Wells Fargo & Co Is a Growing Business
In 2017, Wells Fargo & Co generated a net income of $22.2 billion, up from $21.9 billion in 2016. Diluted earnings came in at $4.10 per share, representing a 2.8% increase from the prior year. (Source: “Wells Fargo Reports Fourth Quarter 2017 Net Income of $6.2 Billion; Diluted EPS of $1.16,” Wells Fargo & Co, January 12, 2018.)
Considering that the company declared and paid total dividends of $1.54 last year, it had a payout ratio of just 37.6%.
In the first quarter of 2018, Wells Fargo generated a net income of $5.9 billion and diluted earnings of $1.12 per share. The earnings-per-share figure represented an 8.7% increase year-over-year. (Source: “Wells Fargo Reports Preliminary First Quarter 2018 Net Income of $5.9 billion; Diluted EPS of $1.12,” Wells Fargo & Co, April 13, 2018.)
Again, the bank’s $1.12 of earnings per share easily covered its quarterly dividend payment of $0.39 per share.

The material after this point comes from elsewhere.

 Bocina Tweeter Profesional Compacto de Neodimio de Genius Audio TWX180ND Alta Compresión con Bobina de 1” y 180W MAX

With such conservative payout ratios, Wells Fargo not only leaves a wide margin of safety, but also gives management plenty of room for future dividend increases.

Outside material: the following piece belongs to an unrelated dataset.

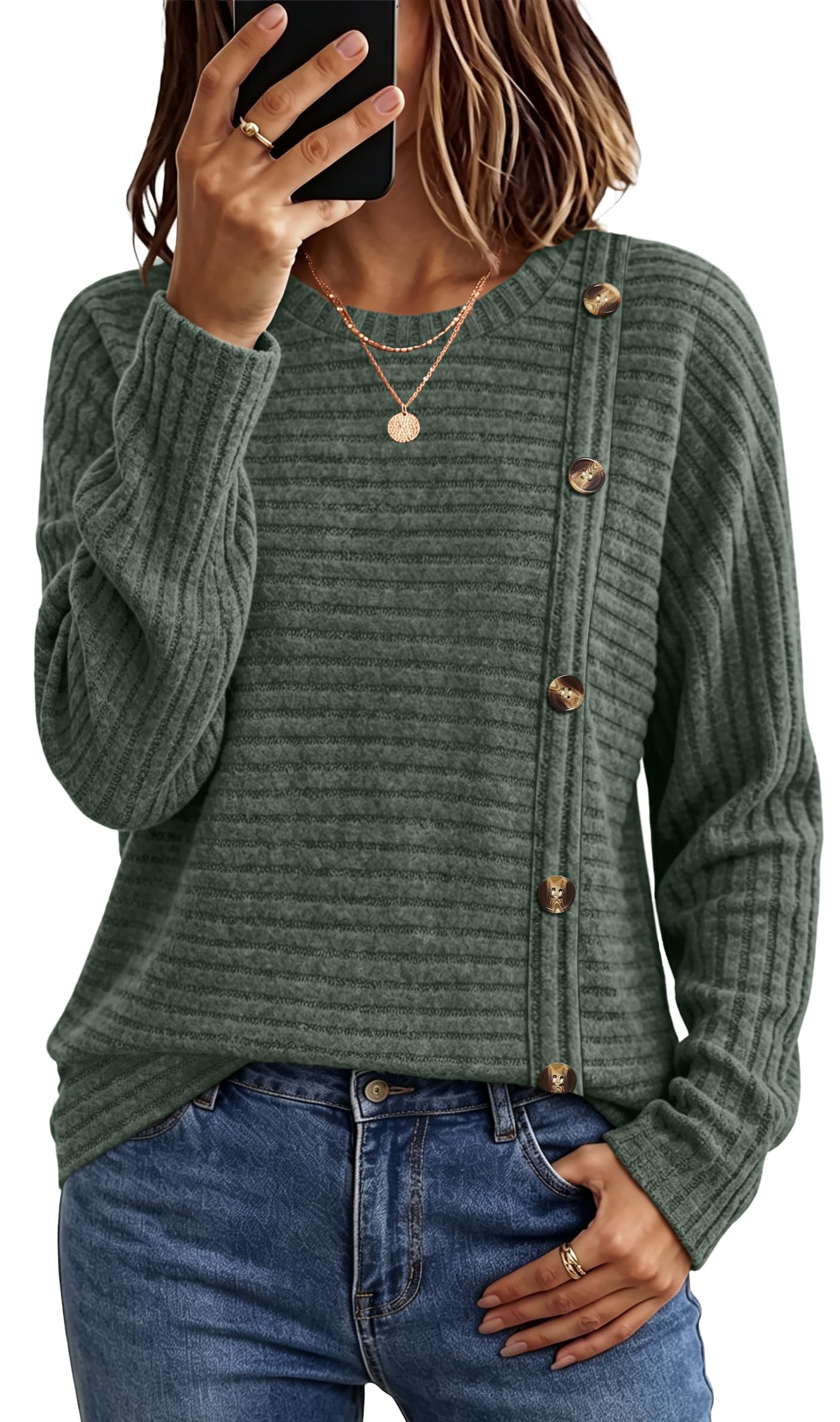 WIHOLL Womens Sweaters Fall Teacher Outfits Long Sleeve Shirts Tunic Tops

And if you are concerned about whether the company can maintain its strengths in business, don’t worry. The banking industry is known for its high barriers to entry.
Today, Wells Fargo has more than 8,000 branches located around the world, serving approximately 70 million customers. To compete with Wells Fargo, a company would need a huge amount of capital and an expansive branch chain network. Then, it would also need to convince Wells Fargo’s existing customers to switch.
When it comes to banking, people prefer established brand names. For customers who have been going to their neighborhood Wells Fargo branches for decades, telling them to switch to a different bank would be a hard task, to say the least.
Will WFC Stock Increase Its Dividend in 2018?
The banking industry’s high barriers to entry provide a natural defense line for Wells Fargo’s profits. That’s why the bank has been around for well over a century and is still prospering.
Of course, as we have seen in the last financial crisis, banks were not exactly bulletproof. And even Wells Fargo had to slash its payout at one point.
Still, the company was quick to recover. Since 2011, Wells Fargo has raised its quarterly dividend rate every year, by a total of 680%. (Source: “Stock Price and Dividends,” Wells Fargo & Co, last accessed June 15, 2018.)
In fact, by 2014, the company was already paying more than it did before the financial crisis.
Right now, the economy is firing on all cylinders. And Wells Fargo has been delivering growing financials while maintaining a low payout ratio. Earlier this month, the bank paid a quarterly dividend of $0.39 per share, marking its fourth consecutive payment of the same amount.
Since Wells Fargo’s board of directors usually reviews the dividend policy in July, I expect them to announce another dividend increase in the next few weeks.